Lately, I’ve been helping with my husband’s company’s marketing. It’s not a huge commitment - just one or two hours a day - but it’s surprisingly draining. A big part of the frustration comes from the team member handling marketing. They lack a solid understanding of the field, so I end up having to explain everything from scratch. Their attitude also gets under my skin. They rely heavily on personal connections to solve every issue. While networking can be useful, this constant dependence on others feels like a lack of initiative. They seem busy all the time, but I can’t help but wonder if they’re truly contributing to the company’s growth or spending their time meaningfully.
As an outsider, I feel hesitant to give overly direct feedback or get too involved.
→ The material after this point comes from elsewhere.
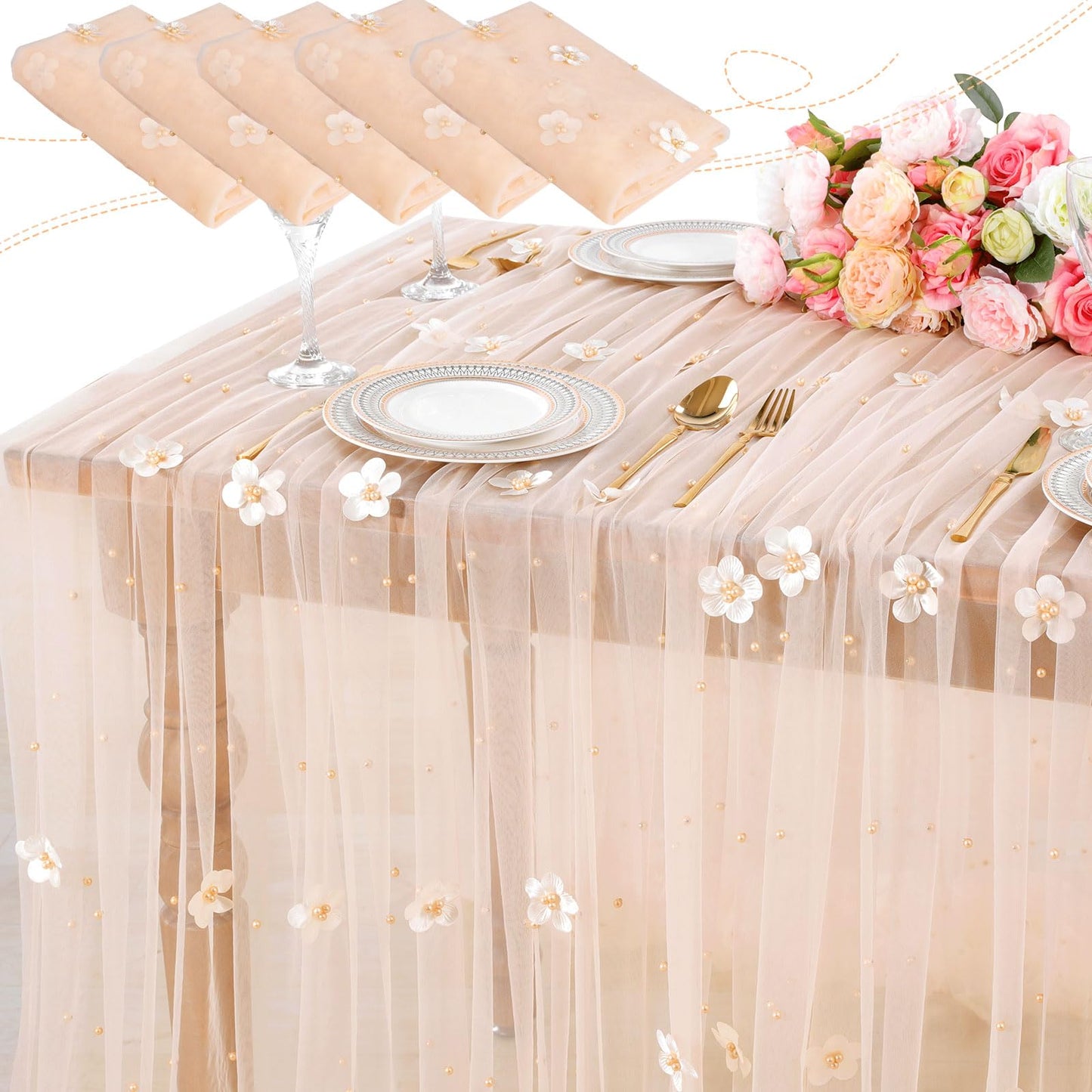 LuoluoHouse Wedding Pearl Tablecloth Tulle Fabric: 3 Pieces Champagne Flower Table Runner Lace Fabric for Outdoor Holiday Birthday Party Table Decor 60x120 Inch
Yet, because it’s my husband’s company, I’m deeply invested in its success, which makes me feel impatient and frustrated. Reflecting on why this situation stresses me out, I’ve realized it’s largely due to the team member’s lack of proactivity and their struggle to grasp the core of issues or seek solutions independently. Even the depth of their questions and reflections often feels lacking. For instance, I once asked them to outline the broader business goals and strategy before setting marketing objectives. When I reviewed their Notion document, it looked like a copy-paste job from an AI tool. Using AI isn’t the problem, but for something as critical as the company’s direction, I believe there should be clear evidence of personal thought and effort, even if it takes time. I sometimes wonder if they care about the company’s success as much as I do.
Facing these issues bit by bit has been exhausting. Since it’s not my business, I’m cautious about being too blunt with feedback. Still, my attachment to my husband’s company makes the situation feel urgent. At the same time, I recognize that someone like this team member might be necessary at the company’s current stage. Regardless, I plan to share these thoughts honestly with one of the co-founders, aside from my husband.
Through this experience, I’ve realized that stress will follow me even in new environments. What matters most is managing my mindset. I want to dive deeper into this topic and reflect on it further.
Things I Want to Reflect On
- What situations cause me stress?
- How can I avoid them?
- Or, what are ways to relieve that stress?